- **TASK BRIEF**
The required output is the lines of the listing from the beginning through the line containing "To create a", each copied exactly, without any pictures.

- **GIVEN DATA**
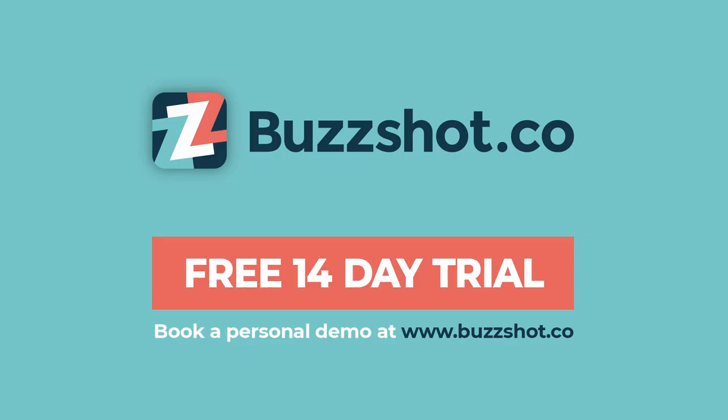If you'd like to book a free 14 day trial of the BuzzShot app and the BuzzShot admin, which isn't demonstrated in this video, please visit BuzzShot.co. Thank you for your time.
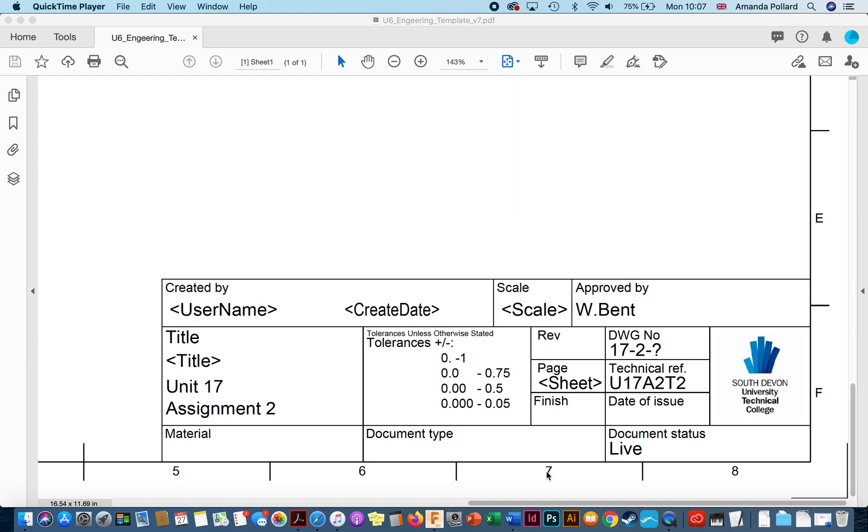To create a template for your engineering drawings using Fusion 360, you can see here this is the template I've created previously. It's got fields that are going to be automatically filled in by Fusion 360. You can tell what they are because they've got these symbols on either end. So the computer will automatically tell you that I was the creator, the date it was made, the title that comes from the file, what scale it is, and what the page number is.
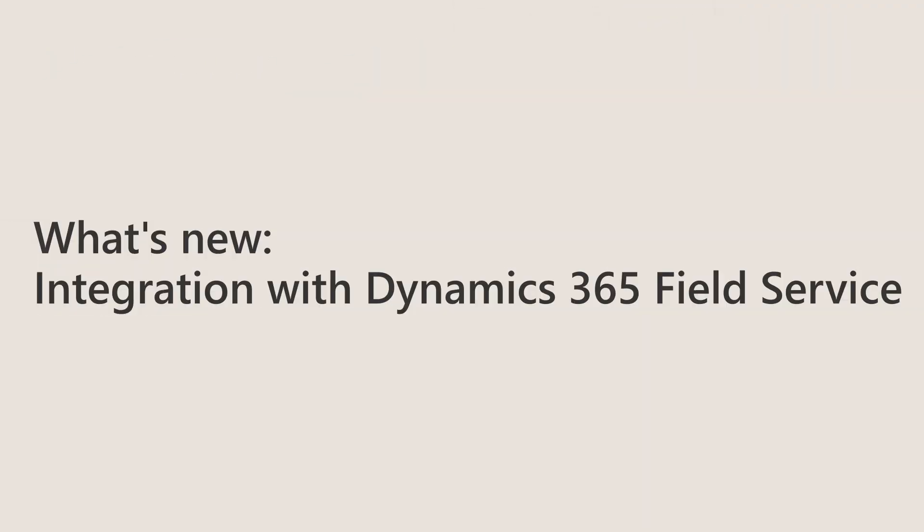Welcome. My name is Błaży Kotełko. In this session we will talk about integration between Business Central and Field Service.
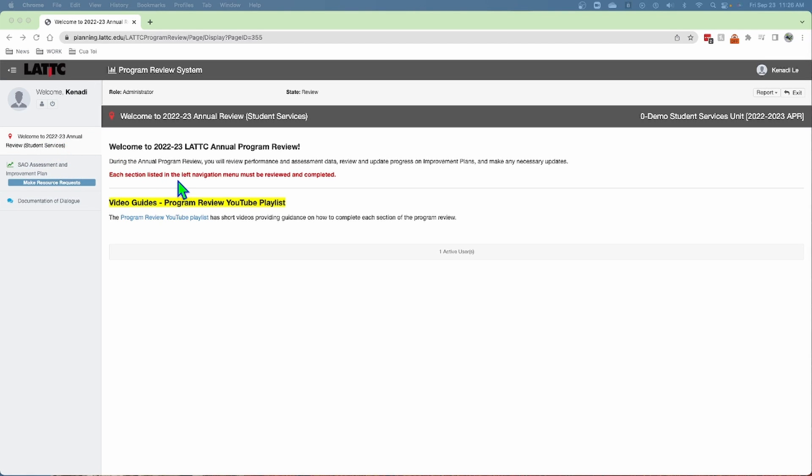This is the welcome page, and there are instructions that indicate that each section in the left navigation menu here must be completed for the program review to be considered complete. There is a link here to the YouTube playlist.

- **SOLUTION**
If you'd like to book a free 14 day trial of the BuzzShot app and the BuzzShot admin, which isn't demonstrated in this video, please visit BuzzShot.co. Thank you for your time.
To create a template for your engineering drawings using Fusion 360, you can see here this is the template I've created previously. It's got fields that are going to be automatically filled in by Fusion 360. You can tell what they are because they've got these symbols on either end. So the computer will automatically tell you that I was the creator, the date it was made, the title that comes from the file, what scale it is, and what the page number is.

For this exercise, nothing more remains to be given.